**THE TASK**
Lines from the beginning of the entries up to and including the one with "Enjoy the wellness offer in winter" must be duplicated word for word; leave out all others.

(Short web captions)
---*---

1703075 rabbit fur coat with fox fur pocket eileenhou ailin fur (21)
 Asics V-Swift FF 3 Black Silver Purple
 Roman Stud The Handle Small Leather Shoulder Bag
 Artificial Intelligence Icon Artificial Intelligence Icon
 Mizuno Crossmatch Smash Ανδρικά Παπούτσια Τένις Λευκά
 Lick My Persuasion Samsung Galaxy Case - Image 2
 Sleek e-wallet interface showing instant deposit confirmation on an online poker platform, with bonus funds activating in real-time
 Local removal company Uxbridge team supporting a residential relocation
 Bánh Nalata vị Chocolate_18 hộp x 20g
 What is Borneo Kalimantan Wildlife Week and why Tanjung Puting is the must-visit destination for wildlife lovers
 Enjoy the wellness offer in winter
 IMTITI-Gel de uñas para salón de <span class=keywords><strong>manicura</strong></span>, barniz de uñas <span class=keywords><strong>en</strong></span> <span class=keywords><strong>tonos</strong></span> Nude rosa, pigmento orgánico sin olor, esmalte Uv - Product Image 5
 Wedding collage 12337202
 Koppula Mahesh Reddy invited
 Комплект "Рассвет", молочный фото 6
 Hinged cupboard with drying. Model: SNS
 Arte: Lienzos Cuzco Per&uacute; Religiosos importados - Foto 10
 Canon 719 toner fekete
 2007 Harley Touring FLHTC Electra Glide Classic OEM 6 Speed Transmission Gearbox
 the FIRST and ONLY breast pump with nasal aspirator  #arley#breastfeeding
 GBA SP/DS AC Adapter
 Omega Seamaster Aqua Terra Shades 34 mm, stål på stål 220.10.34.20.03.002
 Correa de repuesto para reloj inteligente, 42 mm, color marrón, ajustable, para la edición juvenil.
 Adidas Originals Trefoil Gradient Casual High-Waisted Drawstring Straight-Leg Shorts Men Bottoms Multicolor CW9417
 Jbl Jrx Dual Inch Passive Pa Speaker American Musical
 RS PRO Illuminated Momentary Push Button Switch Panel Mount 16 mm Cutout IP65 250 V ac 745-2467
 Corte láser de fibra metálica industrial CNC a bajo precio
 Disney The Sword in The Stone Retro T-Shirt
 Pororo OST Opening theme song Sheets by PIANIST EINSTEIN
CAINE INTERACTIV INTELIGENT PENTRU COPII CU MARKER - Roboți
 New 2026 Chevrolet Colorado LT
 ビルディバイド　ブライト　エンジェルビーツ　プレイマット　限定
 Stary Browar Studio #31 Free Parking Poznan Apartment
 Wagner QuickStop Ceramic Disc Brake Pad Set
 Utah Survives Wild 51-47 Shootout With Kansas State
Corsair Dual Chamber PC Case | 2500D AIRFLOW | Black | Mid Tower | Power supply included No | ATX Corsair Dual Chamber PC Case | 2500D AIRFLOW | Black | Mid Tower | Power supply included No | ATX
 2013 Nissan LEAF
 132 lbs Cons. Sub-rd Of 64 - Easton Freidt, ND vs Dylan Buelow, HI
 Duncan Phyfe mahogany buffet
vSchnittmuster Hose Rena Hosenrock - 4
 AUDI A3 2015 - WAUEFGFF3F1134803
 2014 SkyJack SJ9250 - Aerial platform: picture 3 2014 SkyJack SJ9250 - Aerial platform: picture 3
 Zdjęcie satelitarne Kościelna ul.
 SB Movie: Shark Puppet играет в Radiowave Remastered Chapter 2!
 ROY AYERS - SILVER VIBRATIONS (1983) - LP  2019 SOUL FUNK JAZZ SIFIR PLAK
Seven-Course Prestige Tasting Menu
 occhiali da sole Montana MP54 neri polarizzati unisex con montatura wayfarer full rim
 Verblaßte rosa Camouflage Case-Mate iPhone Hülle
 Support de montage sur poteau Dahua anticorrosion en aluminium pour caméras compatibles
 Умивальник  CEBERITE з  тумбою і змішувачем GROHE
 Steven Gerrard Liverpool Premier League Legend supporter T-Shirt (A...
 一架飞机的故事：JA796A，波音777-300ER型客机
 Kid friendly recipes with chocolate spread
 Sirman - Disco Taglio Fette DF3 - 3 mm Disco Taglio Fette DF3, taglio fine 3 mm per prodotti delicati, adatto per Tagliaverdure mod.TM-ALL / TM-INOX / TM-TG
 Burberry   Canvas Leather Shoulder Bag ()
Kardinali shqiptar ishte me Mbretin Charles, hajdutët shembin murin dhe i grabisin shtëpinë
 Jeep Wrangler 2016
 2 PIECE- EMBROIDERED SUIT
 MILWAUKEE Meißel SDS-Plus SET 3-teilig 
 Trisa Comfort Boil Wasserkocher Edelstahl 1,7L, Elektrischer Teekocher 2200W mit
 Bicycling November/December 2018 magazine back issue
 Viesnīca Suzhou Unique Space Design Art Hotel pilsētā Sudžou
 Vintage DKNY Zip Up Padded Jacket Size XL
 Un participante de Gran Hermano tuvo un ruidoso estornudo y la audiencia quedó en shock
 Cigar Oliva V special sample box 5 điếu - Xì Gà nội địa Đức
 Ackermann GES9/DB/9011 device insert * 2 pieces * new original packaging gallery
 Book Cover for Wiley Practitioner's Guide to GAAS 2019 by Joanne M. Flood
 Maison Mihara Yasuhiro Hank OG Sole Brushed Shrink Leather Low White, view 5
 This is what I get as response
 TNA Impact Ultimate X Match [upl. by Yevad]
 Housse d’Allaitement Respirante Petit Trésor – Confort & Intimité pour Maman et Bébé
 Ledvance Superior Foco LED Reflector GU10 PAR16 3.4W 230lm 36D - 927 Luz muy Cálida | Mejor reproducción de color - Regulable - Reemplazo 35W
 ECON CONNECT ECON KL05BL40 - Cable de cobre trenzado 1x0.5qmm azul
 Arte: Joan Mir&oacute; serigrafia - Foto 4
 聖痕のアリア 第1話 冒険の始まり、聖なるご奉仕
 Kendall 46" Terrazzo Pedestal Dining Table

---*---

**WORKED SOLUTION**
1703075 rabbit fur coat with fox fur pocket eileenhou ailin fur (21)
 Asics V-Swift FF 3 Black Silver Purple
 Roman Stud The Handle Small Leather Shoulder Bag
 Artificial Intelligence Icon Artificial Intelligence Icon
 Mizuno Crossmatch Smash Ανδρικά Παπούτσια Τένις Λευκά
 Lick My Persuasion Samsung Galaxy Case - Image 2
 Sleek e-wallet interface showing instant deposit confirmation on an online poker platform, with bonus funds activating in real-time
 Local removal company Uxbridge team supporting a residential relocation
 Bánh Nalata vị Chocolate_18 hộp x 20g
 What is Borneo Kalimantan Wildlife Week and why Tanjung Puting is the must-visit destination for wildlife lovers
 Enjoy the wellness offer in winter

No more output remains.